__Your task__. Between the line containing "Ruby 925 Sterling Silver Bracelet (SJWBR-469) Ruby" and the line containing "Damen modische Zehentrenner Sandalen R&B" lies a run of lines; give that run again exactly, with both of those lines, and nothing else from the entries below.

__Records supplied__.
--------------------

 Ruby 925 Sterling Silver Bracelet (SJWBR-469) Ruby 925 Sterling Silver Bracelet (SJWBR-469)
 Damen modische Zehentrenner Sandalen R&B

--------------------

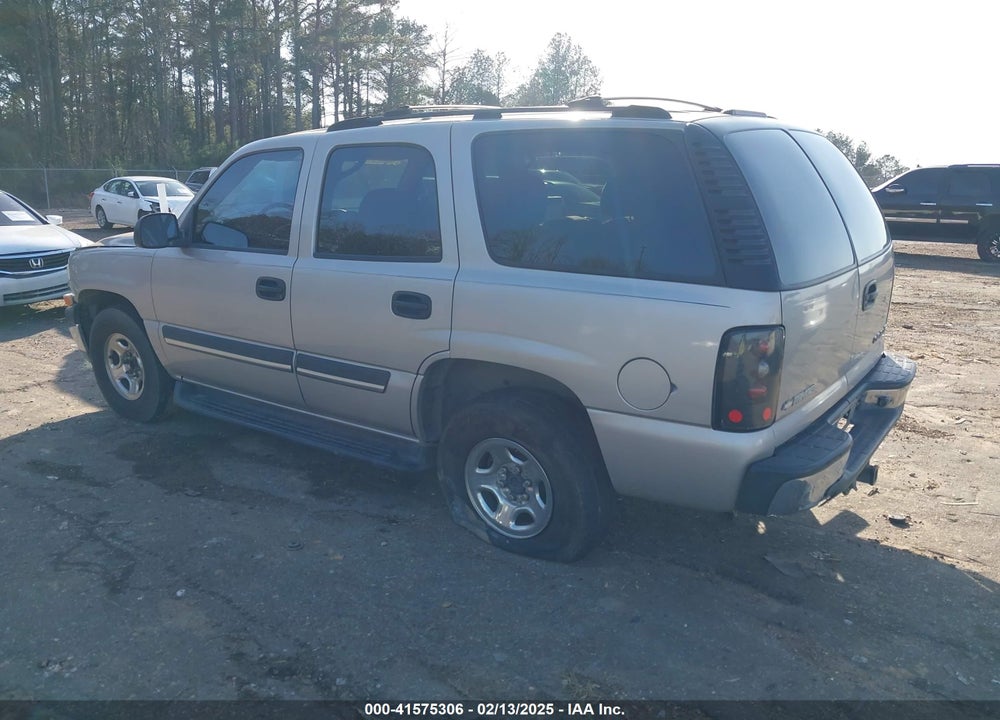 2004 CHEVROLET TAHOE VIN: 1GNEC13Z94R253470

--------------------

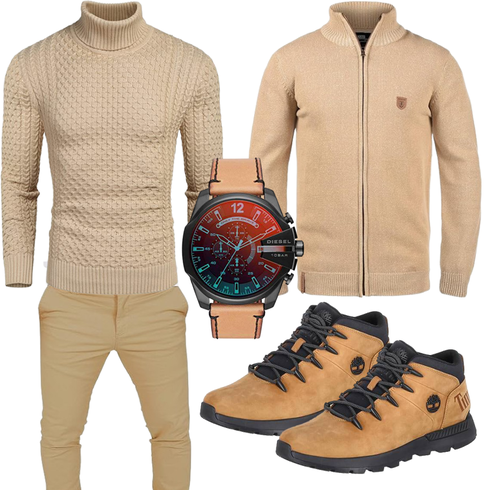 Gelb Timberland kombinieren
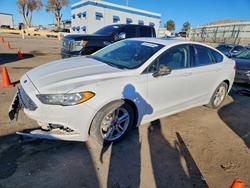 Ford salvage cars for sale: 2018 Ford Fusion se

--------------------

__Task response__.
 Ruby 925 Sterling Silver Bracelet (SJWBR-469) Ruby 925 Sterling Silver Bracelet (SJWBR-469)
 Damen modische Zehentrenner Sandalen R&B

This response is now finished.